Mijn nieuwe roman Getuigen in het duister gaat over actuele kwesties, waardoor de indruk kan ontstaan dat het manuscript kort geleden is geschreven. Niets is minder waar. Toen ik een punt achter het laatste woord van het laatste hoofdstuk zette, was #MeToo nog een onbekend begrip en quarantaine een zeldzaam fenomeen. Fake news werd pas met veel bombarie geïntroduceerd toen Donald Trump president van Amerika werd.

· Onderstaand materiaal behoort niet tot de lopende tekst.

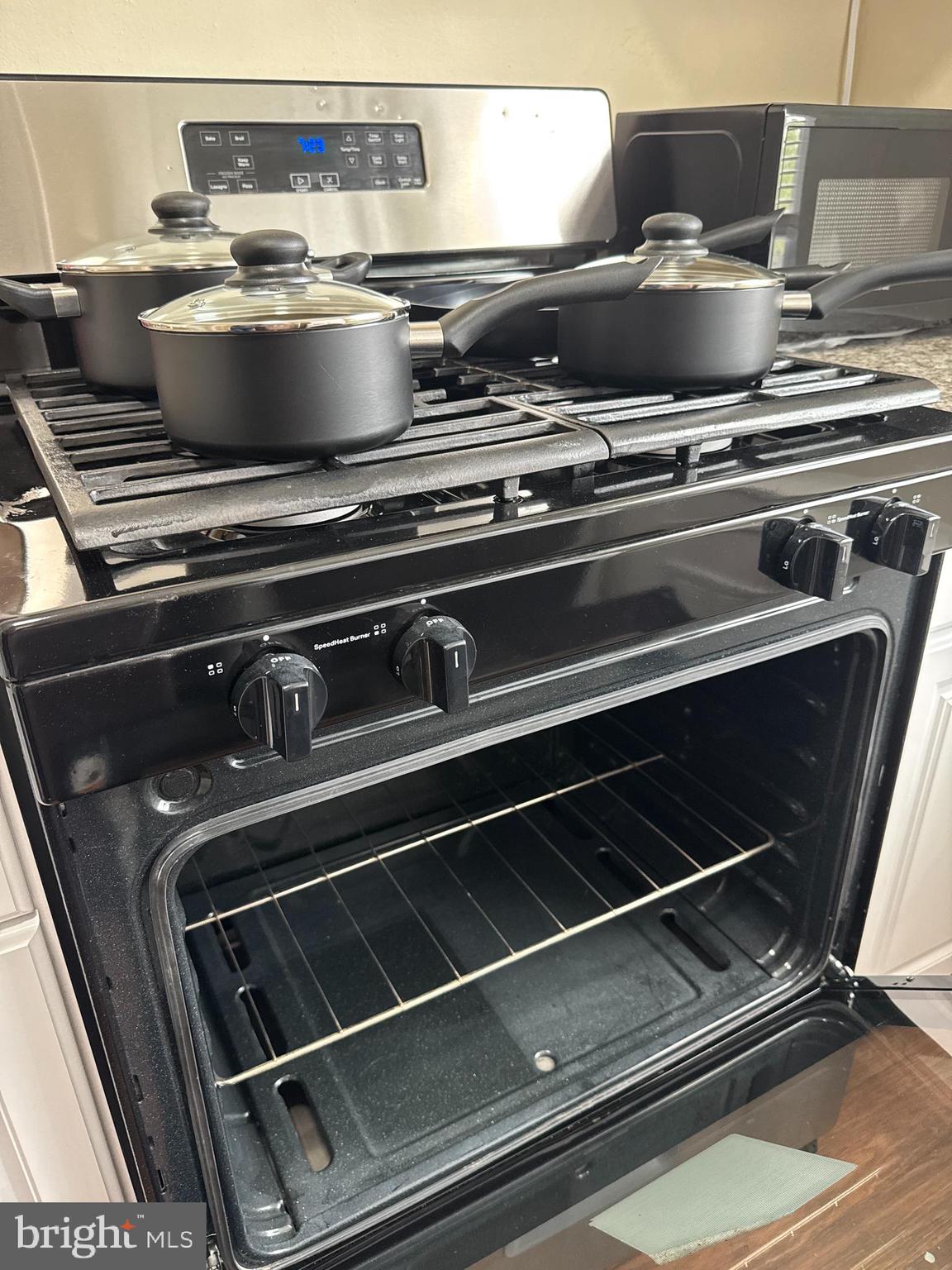 8529 Chestnut Oak Road, Unit 2 Parkville, MD 21234 - Photo 17 of 50 a stove top oven sitting inside of a kitchen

De genoemde begrippen spelen toch een belangrijke rol in mijn verhaal, dat zich afspeelt in het poolgebied, waar dertien Nederlanders hun kerstvakantie doorbrengen. Zelf heb ik Lapland tijdens een rondreis leren kennen en ik bezocht Finland verscheidene malen, ook in de winter. Het landschap, de kou en het noorderlicht vormen een mysterieus decor voor een spannende roman. Bij het schrijven ervan werd ik geholpen door een Finse vriendin.

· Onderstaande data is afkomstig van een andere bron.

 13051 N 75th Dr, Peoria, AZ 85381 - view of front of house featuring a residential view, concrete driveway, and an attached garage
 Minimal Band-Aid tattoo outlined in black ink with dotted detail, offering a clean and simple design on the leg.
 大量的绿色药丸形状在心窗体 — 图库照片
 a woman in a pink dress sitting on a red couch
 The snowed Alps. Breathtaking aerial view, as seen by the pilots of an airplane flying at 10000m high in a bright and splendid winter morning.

Ik heb mij ook laten inspireren door mijn herinnering aan het televisieprogramma De achterkant van het gelijk, dat de VARA bijna een halve eeuw geleden uitzond en waarin Marcel van Dam zijn gasten door zijn socratische vragen tot bekentenissen wist te dwingen.

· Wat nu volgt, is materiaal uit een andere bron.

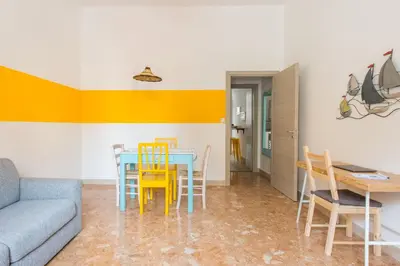 a living room with a table and chairs and a couch at Vento di Grecale - a pochi metri dal mare in Santa Flavia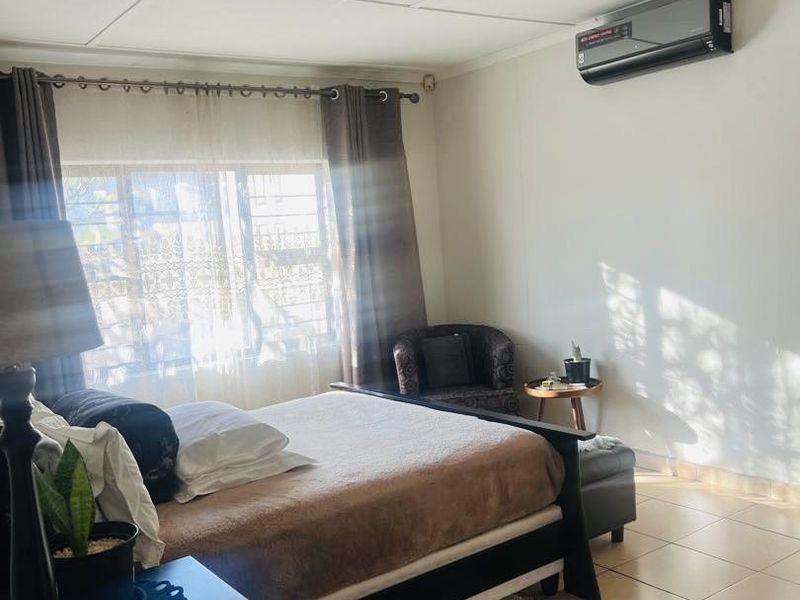 A bedroom featuring tiled flooring, a wall-mounted split-system air conditioner, and large windows with curtain rods.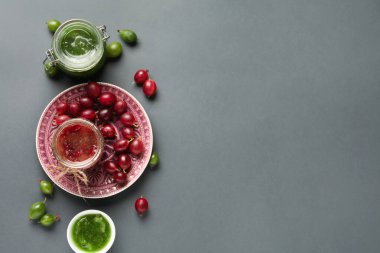 Gri arka planda lezzetli bektaşi üzümü reçeli olan kavanoz ve kase.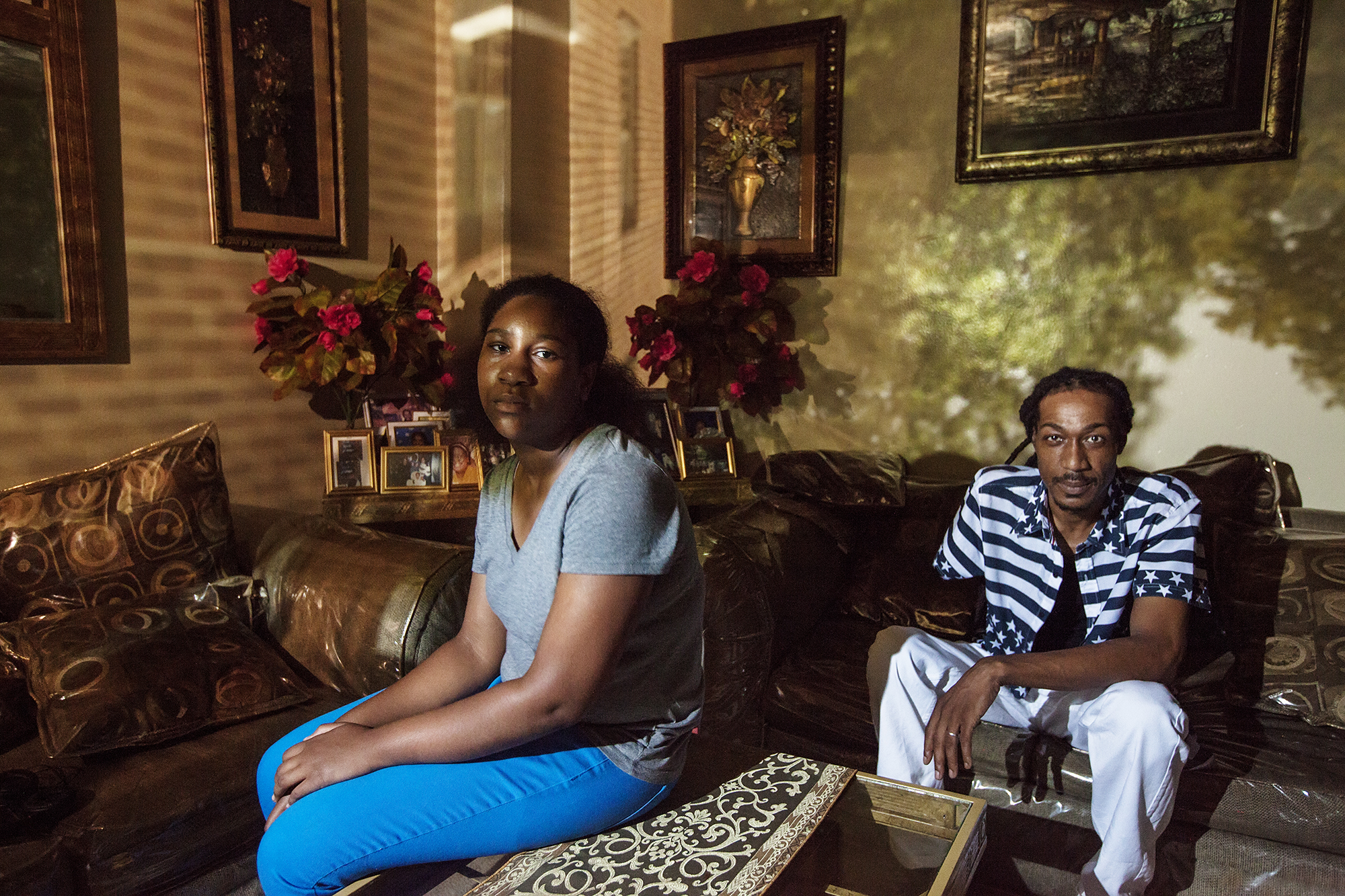 Jason "Law" Woods, 42, poses for a portrait with his daughter, Nevoeh West-Woods, in East New York, NY on July 28, 2015. "The courts do work for men but a lot of men won't pursue that. 'Cause it's been throughout time that you go to court for your child and nine times out of ten, they gonna give it back to the woman. It's like: why fight?"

In Getuigen in het duister krijgt de lezer geen zoete koek voorgeschoteld, want de vertellingen schuren langs de waarheid; door een haperend geheugen, vooringenomenheid, schuldgevoel en eigenbelang. De personages stellen niet alleen elkaar, maar ook de lezers op de proef. Door de verhaallijnen heen knaagt één grote vraag, die tot het einde toe onbeantwoord blijft: waar is Rauha?